SRM in A/B testing

Train for your next tech interview
1,500+ real interview questions across engineering, product, design, and data — with worked solutions.
Join the waitlist

What SRM means and why it kills tests

Sample Ratio Mismatch (SRM) is the situation where the observed split between control and treatment in an A/B test differs from the split you planned. You designed a 50/50 experiment, but after a week of traffic you see 51.3/48.7. With small samples that gap could be random noise. With six-figure samples, even a one-percent gap is not random — it is a structural signal that the plumbing of the experiment is broken, and any verdict you draw is contaminated by whatever is causing the imbalance.

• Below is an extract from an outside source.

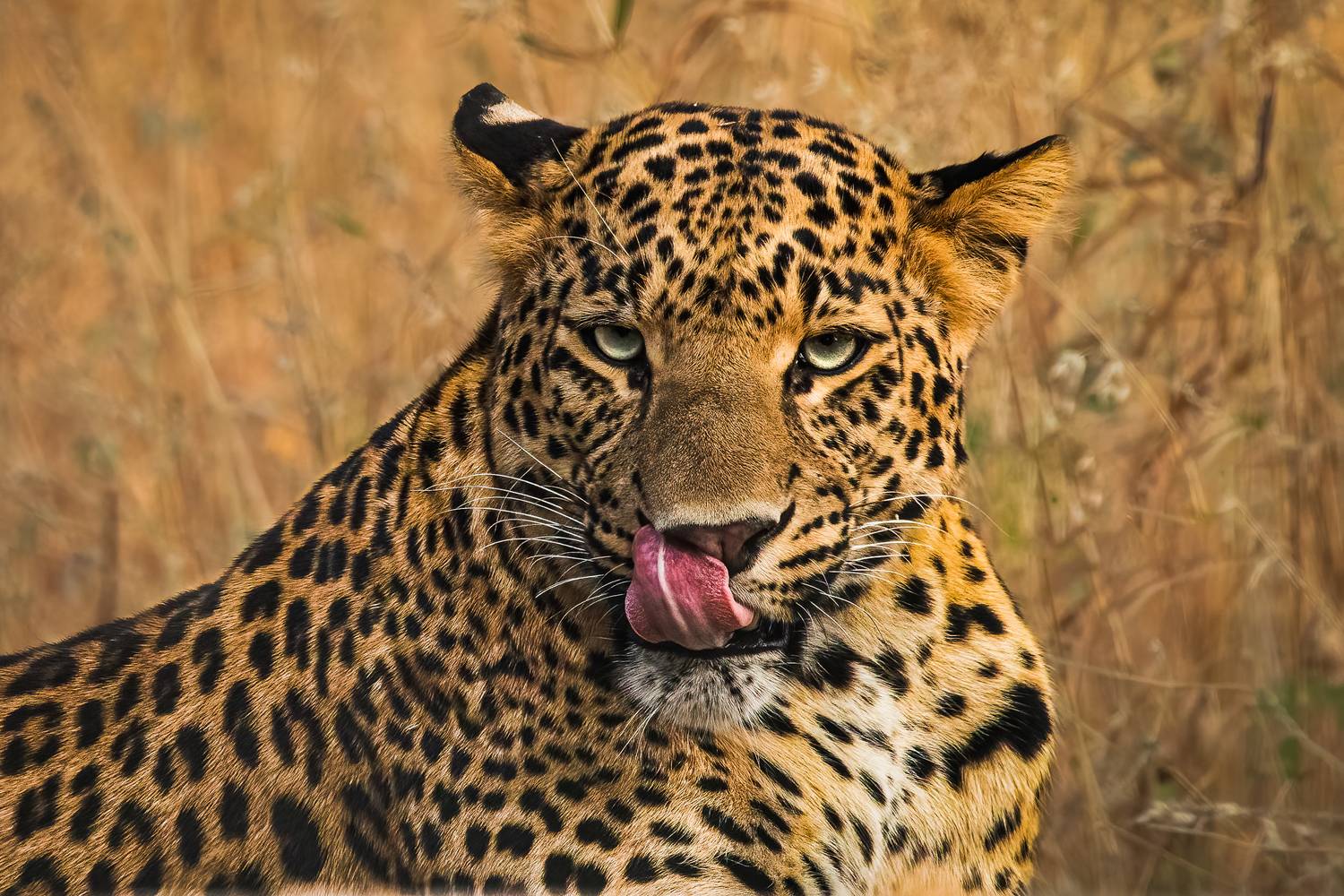 When the photographer looks like a yummy meal.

Picture the scenario most senior data scientists have lived through. Your PM ships a redesigned checkout. The test reads a 3% lift in conversion. Then someone notices that treatment has 2% fewer users than control. The lift is no longer trustworthy: maybe the slower variant filtered out impatient users, or a bot-detection rule fired more aggressively in one arm. The two arms are no longer exchangeable populations.

Interviewers at Meta, Stripe, Netflix, and Airbnb increasingly probe SRM because it separates candidates who can crunch p-values from candidates who understand the operational reality of experiments. A clean p-value computed on dirty assignment is worse than no test at all — it gives false confidence. SRM catches the dirty assignment before the false confidence ships.

Why SRM is a hard stop

If the actual distribution across arms does not match the design, randomization itself has failed. Once randomization fails, the two groups are no longer probabilistically equivalent on the unobserved confounders. Any metric difference could be the effect of the feature, the effect of the composition shift, or some interaction of the two. There is no clean way to disentangle them after the fact, because the very thing that made the groups comparable — random assignment — is what broke.

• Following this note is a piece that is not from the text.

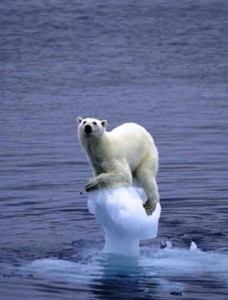 پدیده آب شدن یخ های قطبی به شدت ادامه دارد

Suppose a checkout redesign reports a 3% conversion lift, and treatment also lost 2% of its assigned users between assignment and exposure. The plausible story is that a slow-loading hero image caused some users to bounce before the experiment instrumentation fired. Those users disproportionately include slow-connection and mobile traffic, which also tends to have lower baseline conversion. Their absence from treatment artificially inflates the treatment rate. The reported lift is partly real and partly a survivorship illusion.

The operating rule mature experimentation teams enforce is brutally simple: if SRM fires, do not interpret the metrics until the root cause is identified and fixed.

How to detect SRM with chi-square

The standard SRM test is a chi-square goodness-of-fit test comparing observed group sizes to expected sizes given the planned ratio. The formula sums over arms of (observed minus expected) squared divided by expected, compared against a chi-square distribution with degrees of freedom equal to arms minus one.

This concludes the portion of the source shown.